Some of the old Safeway signage is being used in the kitchen and respite center artwork, while Polk Stanley Wilcox Architects created a quilt-like tapestry of colors for the exterior as a tribute to the many different individuals CareLink helps.

And most important, there are the space, utilities, appliances and facilities to feed thousands on a daily basis.

The result is a kitchen capable of turning out nutritious food in quantity and a respite center that gives elderly visitors a comfortable and safe daytime destination offering entertainment and activities.

“I’ve not seen many kitchens that nice,” Heflin says.

Center Of Support

On its surface the Peggy and Joe Hastings Respite Center is a secure, comfortable place for members of central Arkansas’ senior community.

The center is licensed as an adult day health center and caregivers can enroll family members full- or part-time.

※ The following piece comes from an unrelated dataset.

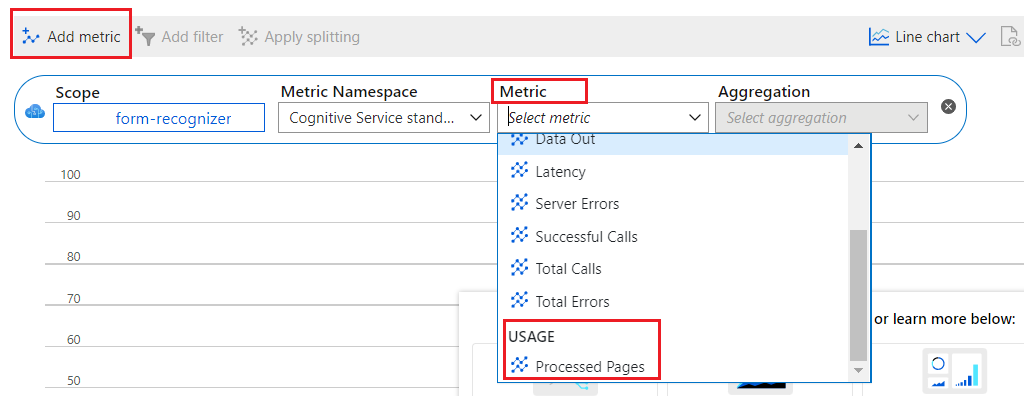 Azure portalında yeni ölçümlerin nasıl ekleneceğini gösteren ekran görüntüsü.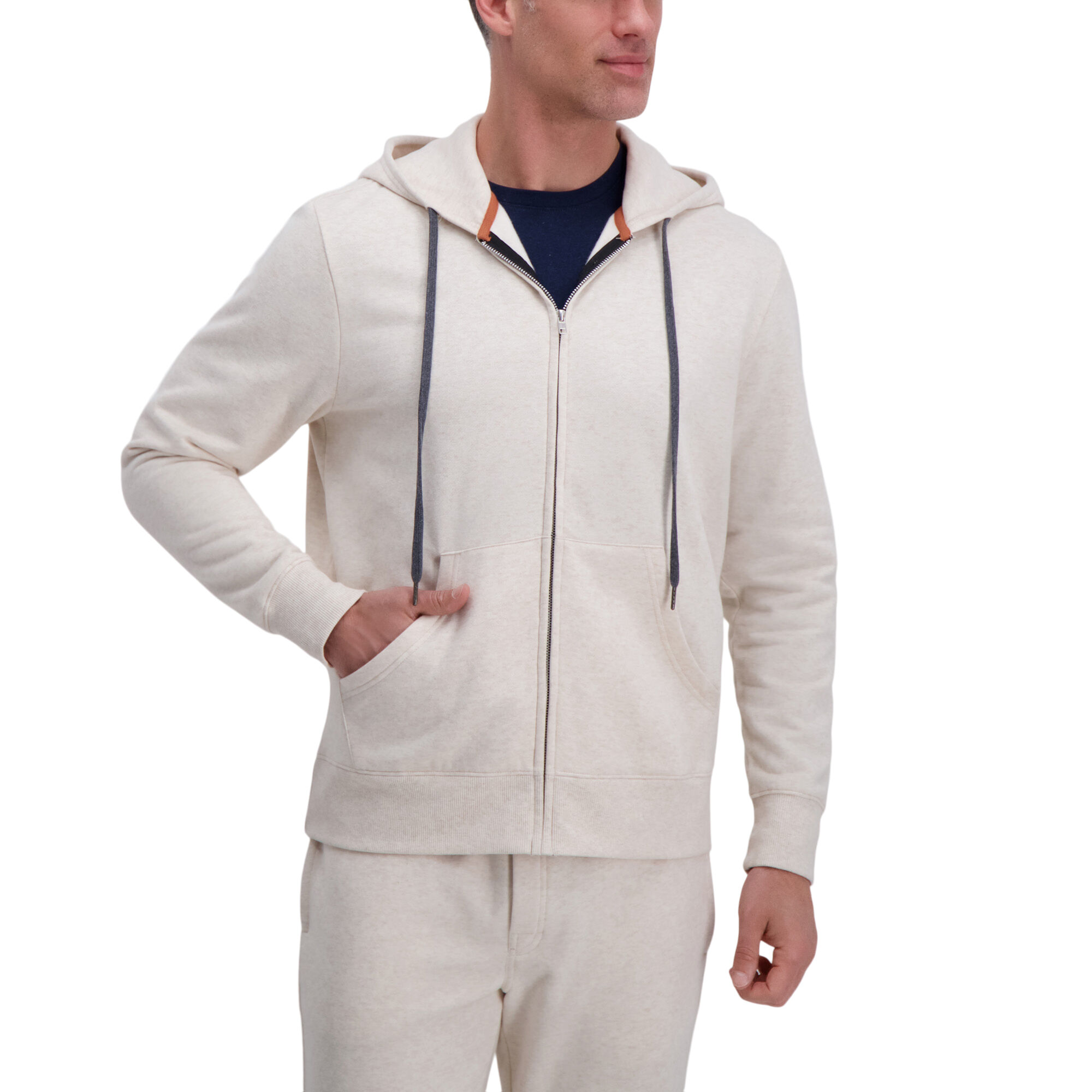 Haggar Full Zip Solid Fleece Hoodie Sweatshirt Oatmeal (UK70003 Clothing Shirts & Tops) photo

A registered nurse is on hand as part of the care team to administer medications if needed.

The respite center also provides a respite from worry.

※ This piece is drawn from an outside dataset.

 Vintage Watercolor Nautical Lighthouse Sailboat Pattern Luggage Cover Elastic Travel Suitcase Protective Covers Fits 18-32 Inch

Eubank said the center, open from 7:30 a.m.-5:30 p.m. daily, eases the burden of working families whose parents or other older family members live at home but may have a condition, like dementia, that keeps them from being fully self-sufficient.

The hourly fee of $10.16, with the option of reimbursement through insurance or other third-party sources, is preferable to those who can’t afford, or don’t want, to place their older loved ones in a full-service institution.

“This is a real cost effective program and a real good source of support,” Eubank says.

While the seniors, obviously, get a chance to engage with others and find support, so can their children or other primary caregivers, Eubank says.

Families dealing with the challenges of caring for aging members can meet and connect with others going through the same experience and learn of other services available.

“I think it comes down to most everything we do in life needs to built around relationships with others,” Heflin says. “And CareLink does that with hand-to-hand, face-to-face interaction with our citizens in need.”

Food For Thought?

Eubank noted that Arkansas is ranked near the top in the United States in proportion of seniors with food insecurity.

The 2013 Arkansas Department of Human Services Division of Aging and Adult Services report “Senior Hunger in Arkansas” finds that more than 160,000 people, or about a third of Arkansans 60 or older, are living with food insecurity.

Senior food insecurity, the report says, is caused primarily by financial hardship but contributing factors include lack of transportation, living in areas with few food stores and mobility limitations.

That is what CareLink and Meals on Wheels has been battling for years, and with the new kitchen in an old food store, the capacity to help has increased almost three-fold, according to Heflin.

The Grainger Williams Volunteer Center, located on the northeast corner of the new facility, was funded by the Ottenheimer Brothers Foundation of Little Rock to honor their former trustee, a volunteer who helped deliver Meals on Wheels.

The meals are prepared at the kitchen by a registered dietician, cooked by five paid staffers and delivered by a small staff of drivers to 12 drop points for an estimated 150 volunteers to pick up.

The drivers will use the loading dock at the southeast corner of the building, located near office space for the dispatcher and transportation coordinator. The drivers also take people to and from senior centers and the respite center.

There is no cost but many Meals on Wheels recipients are also donors, while the volunteer work results in savings of approximately $1 million that can be spent “on serving more people,” Eubank says.

“It’s truly an army of volunteers that makes this program possible,” she says.

An added benefit comes from the human touch. Homebound seniors, as well as their caregivers, often find themselves isolated and thrive on the daily interaction they have with the volunteers, the only people they might see all day.

“That meant as much as the help with the meal meant,” Eubank says.

Heflin described the interaction as a form of emotional nutrition. But everyone knows that food is always better when prepared with a little extra lovin’.

“It’s really neat to hear stories from the road, so to speak, of the blessings volunteers receive from those homebound folks,” Heflin says.